__Exercise description__
Locate, in the data below, the line that contains "Screenshot of one" and the line that contains "Kingdom Hearts III"; reproduce exactly those two lines and every line between them, nothing more.

__Extracted entries__
########################################

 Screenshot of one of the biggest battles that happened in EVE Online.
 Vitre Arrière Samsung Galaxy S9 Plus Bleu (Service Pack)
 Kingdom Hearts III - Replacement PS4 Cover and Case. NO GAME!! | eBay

########################################

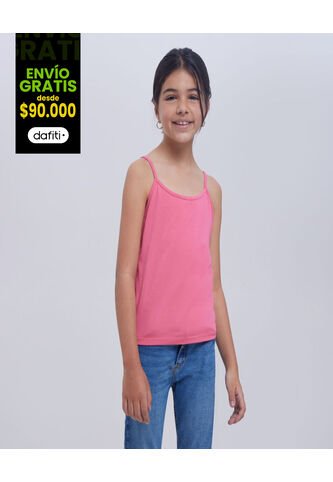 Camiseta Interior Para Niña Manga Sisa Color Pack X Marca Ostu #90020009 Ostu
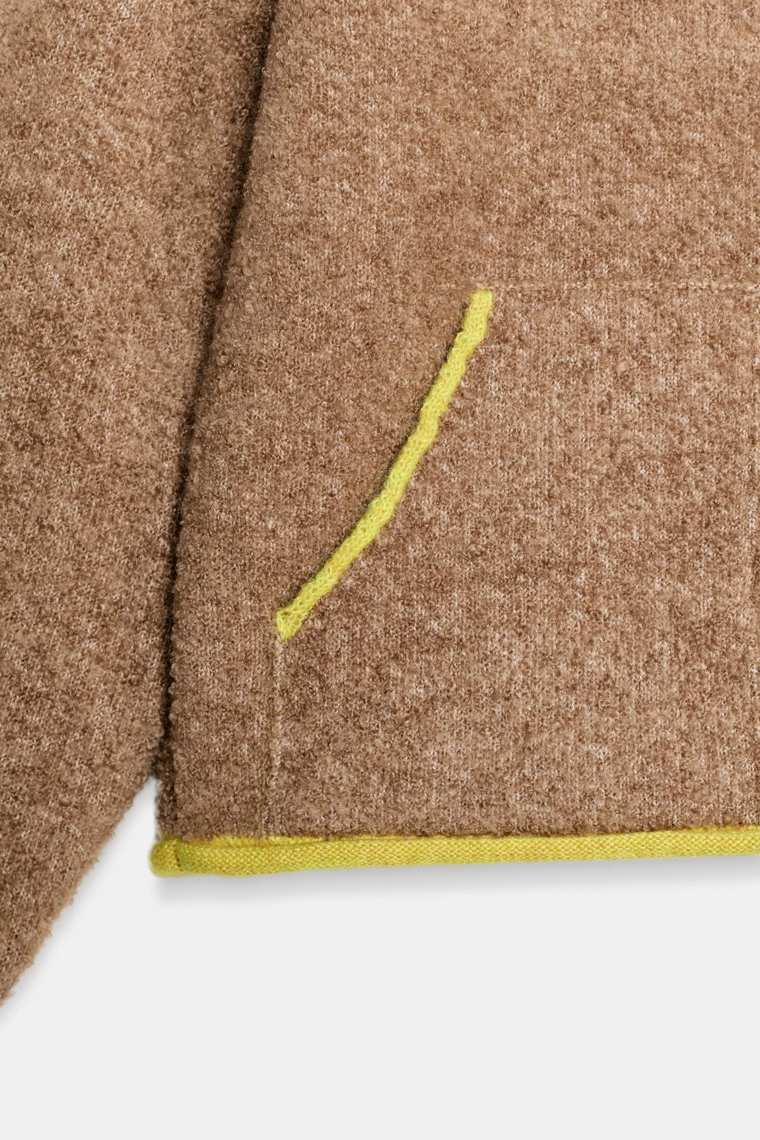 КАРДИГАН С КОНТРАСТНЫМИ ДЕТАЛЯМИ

########################################

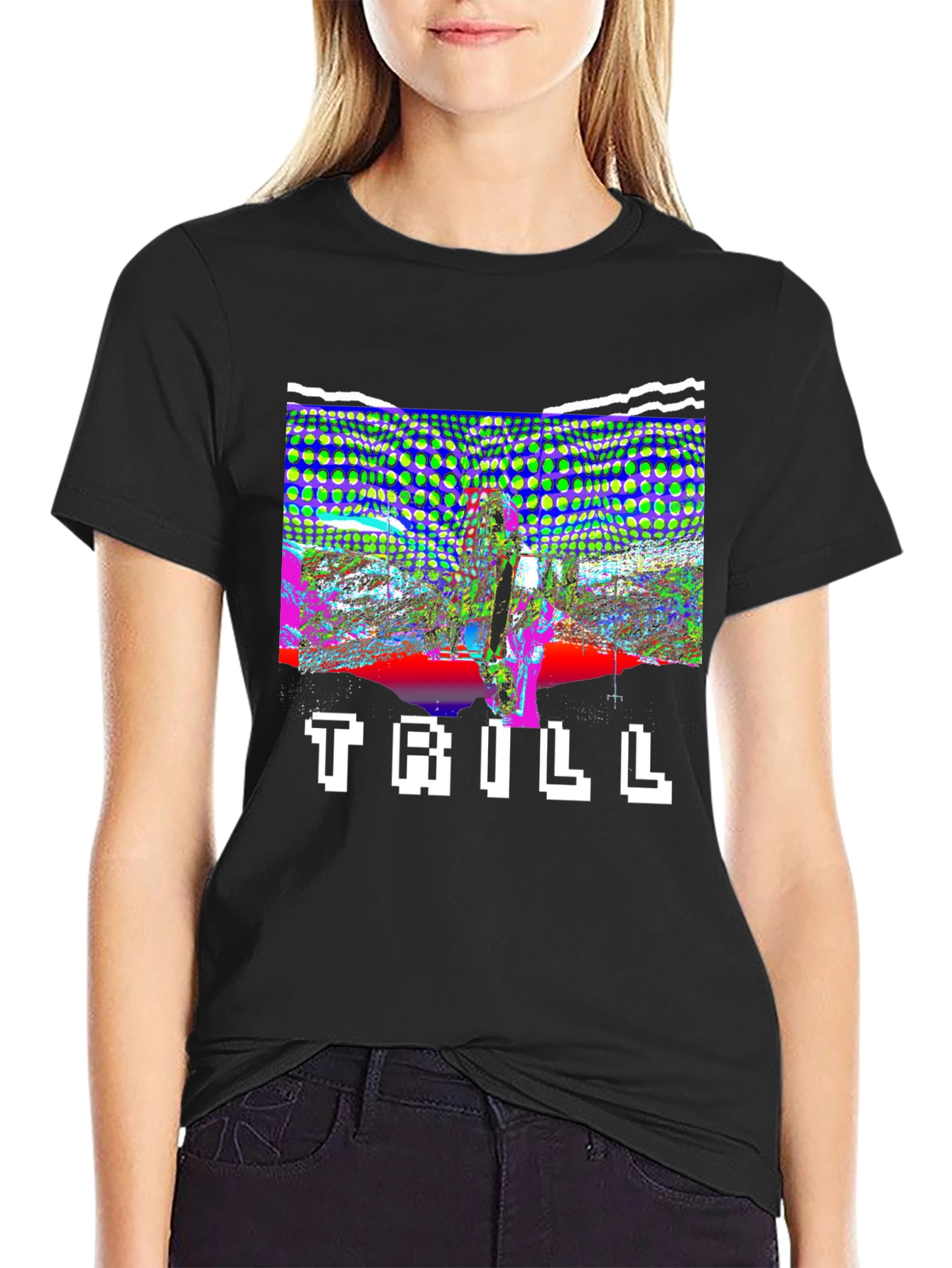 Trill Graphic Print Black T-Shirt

########################################

__Written reply__
 Screenshot of one of the biggest battles that happened in EVE Online.
 Vitre Arrière Samsung Galaxy S9 Plus Bleu (Service Pack)
 Kingdom Hearts III - Replacement PS4 Cover and Case. NO GAME!! | eBay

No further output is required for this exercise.